_Entries shown_
━━━━━━━━━━━━━━━━━━━━

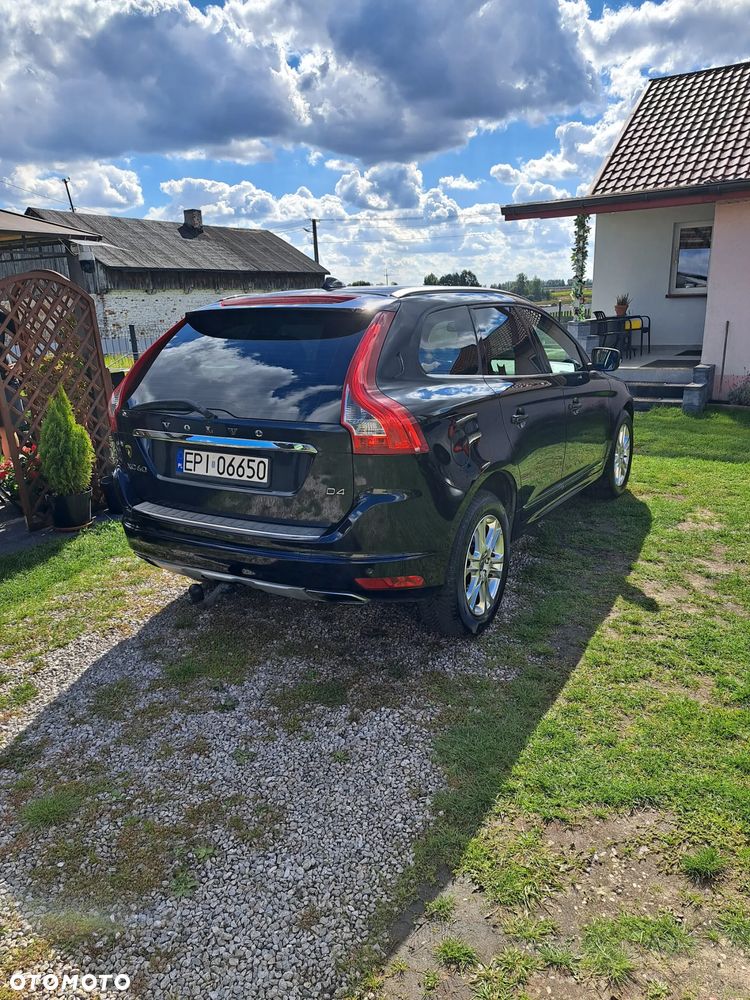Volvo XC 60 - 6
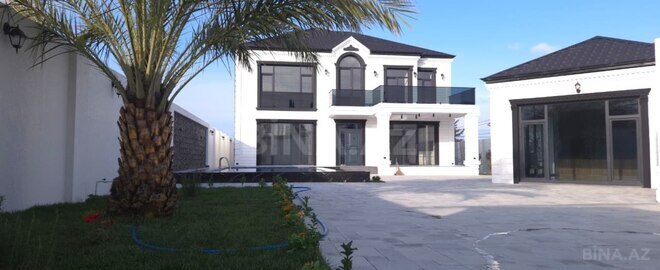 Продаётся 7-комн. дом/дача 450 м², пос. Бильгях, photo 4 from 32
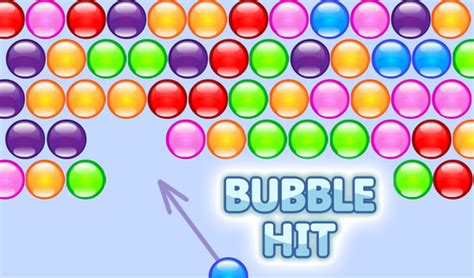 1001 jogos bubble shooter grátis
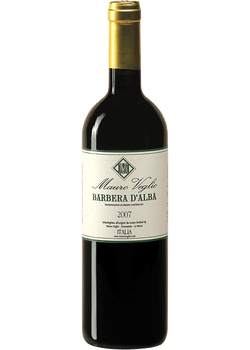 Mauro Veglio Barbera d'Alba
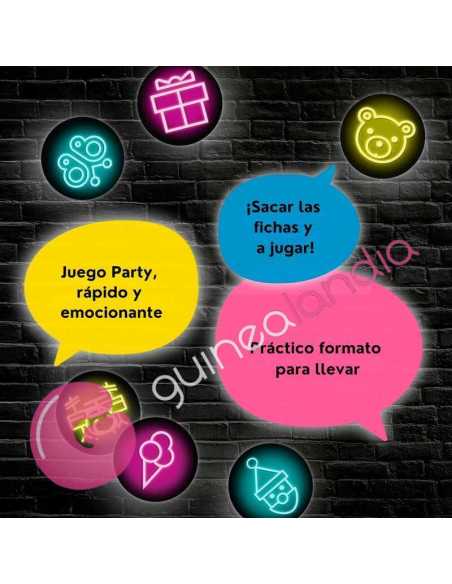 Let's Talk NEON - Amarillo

━━━━━━━━━━━━━━━━━━━━

Could you copy exactly, and with no pictures, the lines above from the one containing "1001 jogos bubble shooter grátis" through the last line, both included?

 1001 jogos bubble shooter grátis
 Mauro Veglio Barbera d'Alba
 Let's Talk NEON - Amarillo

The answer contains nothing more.